We see immersive displays in cinemas with wide fields of view, IMAX's Screen X technology being one example, or in those with stereoscopic or volumetric displays, such as 3D movie theatres, offering a better sense of depth perception.

More recently, the next generation of immersive cinema has arrived in the form of 4D theatres, which have now been installed in several theme parks.

But Rhee said all of these formats were still passive and didn't let us interact with the experience.

His research looks at whether 360-degree video and interaction can be combined to create an illusion for users to engage with 3D virtual objects seamlessly composited into a live background.

It would require lighting and composition steps typically found in the post-processing of visual effects films to instead be performed in real time.

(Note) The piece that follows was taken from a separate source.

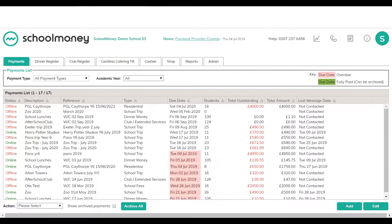There are a couple of different ways that you can use the system for clubs. If you have external clubs which are charged termly or half-termly, for example like a football club or a netball club, and the child will be charged even if they don't attend, then normally we would suggest you set this up as a one-off payment like you would do for a trip or a residential, using the payments tab.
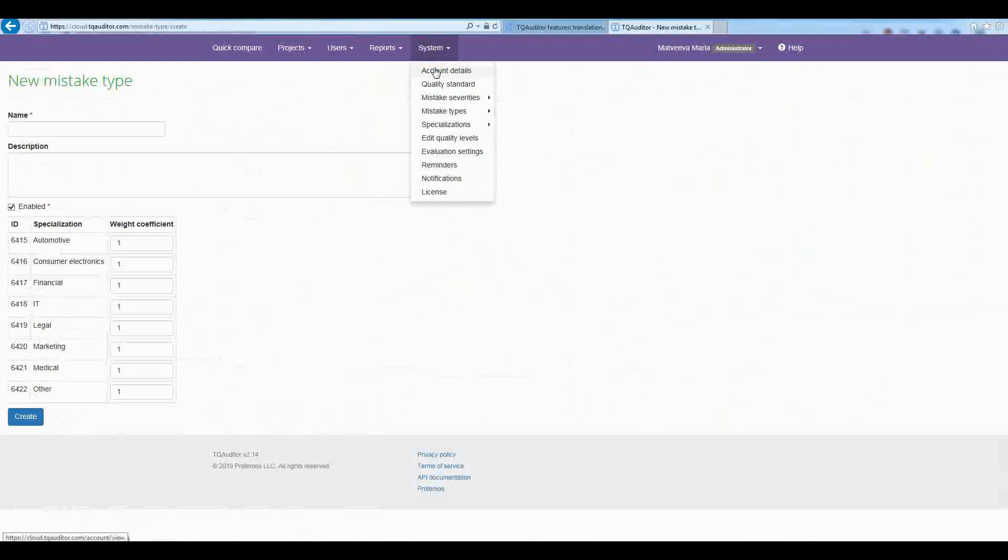Thank you for your attention, this was the basic information about the TQ Auditor. Please feel free to contact us with any suggestions and questions.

This is called MR360: a mixed reality concept that's so far been incorporated into a commercial game engine and which was demonstrated in a live demonstration at Te Papa in March.

The latest version will be showcased at the Magnify Summit Expo, kicking off in Auckland tomorrow, and the Future Reality Conference in Wellington next week.

Rhee is also part of a collaboration between Kiwi and Korean researchers that would bring a combination of MR360 and 4D theatre to the living room.

"The aim of this project is to provide a new experience where you can touch and feel the movie contents."